Time dilation and length contraction
Figure
2–8. The invariant hyperbola comprises the points that can be reached
from the origin in a fixed proper time by clocks traveling at different
speeds
Fig. 2-8 illustrates the invariant hyperbola for all events that can
be reached from the origin in a proper time of 5 meters (approximately 1.67×10−8 s).
Different world lines represent clocks moving at different speeds. A
clock that is stationary with respect to the observer has a world line
that is vertical, and the elapsed time measured by the observer is the
same as the proper time.
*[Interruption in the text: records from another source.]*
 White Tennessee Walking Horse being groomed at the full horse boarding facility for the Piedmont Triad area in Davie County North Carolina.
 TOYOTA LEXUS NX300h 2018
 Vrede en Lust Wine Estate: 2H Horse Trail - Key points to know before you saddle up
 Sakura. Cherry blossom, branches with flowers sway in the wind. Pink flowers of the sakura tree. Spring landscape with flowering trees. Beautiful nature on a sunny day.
For a clock traveling at 0.3 c, the elapsed time measured by the observer is 5.24 meters (1.75×10−8 s), while for a clock traveling at 0.7 c, the elapsed time measured by the observer is 7.00 meters (2.34×10−8 s).
This illustrates the phenomenon known as time dilation.
Clocks that travel faster take longer (in the observer frame) to tick
out the same amount of proper time, and they travel further along the
x–axis within that proper time than they would have without time
dilation. The measurement of time dilation by two observers in different inertial
reference frames is mutual. If observer O measures the clocks of
observer O′ as running slower in his frame, observer O′ in turn will
measure the clocks of observer O as running slower.
Figure
2–9. In this spacetime diagram, the 1 m length of the moving rod, as
measured in the primed frame, is the foreshortened distance OC when
projected onto the unprimed frame.
Length contraction,
like time dilation, is a manifestation of the relativity of
simultaneity. Measurement of length requires measurement of the
spacetime interval between two events that are simultaneous in one's
frame of reference. But events that are simultaneous in one frame of
reference are, in general, not simultaneous in other frames of
reference.
Fig. 2-9 illustrates the motions of a 1 m rod that is traveling at 0.5 c along the x
axis. The edges of the blue band represent the world lines of the rod's
two endpoints. The invariant hyperbola illustrates events separated
from the origin by a spacelike interval of 1 m. The endpoints O and B
measured when t′ = 0
are simultaneous events in the S′ frame. But to an observer in frame S,
events O and B are not simultaneous. To measure length, the observer in
frame S measures the endpoints of the rod as projected onto the x-axis along their world lines. The projection of the rod's world sheet onto the x axis yields the foreshortened length OC.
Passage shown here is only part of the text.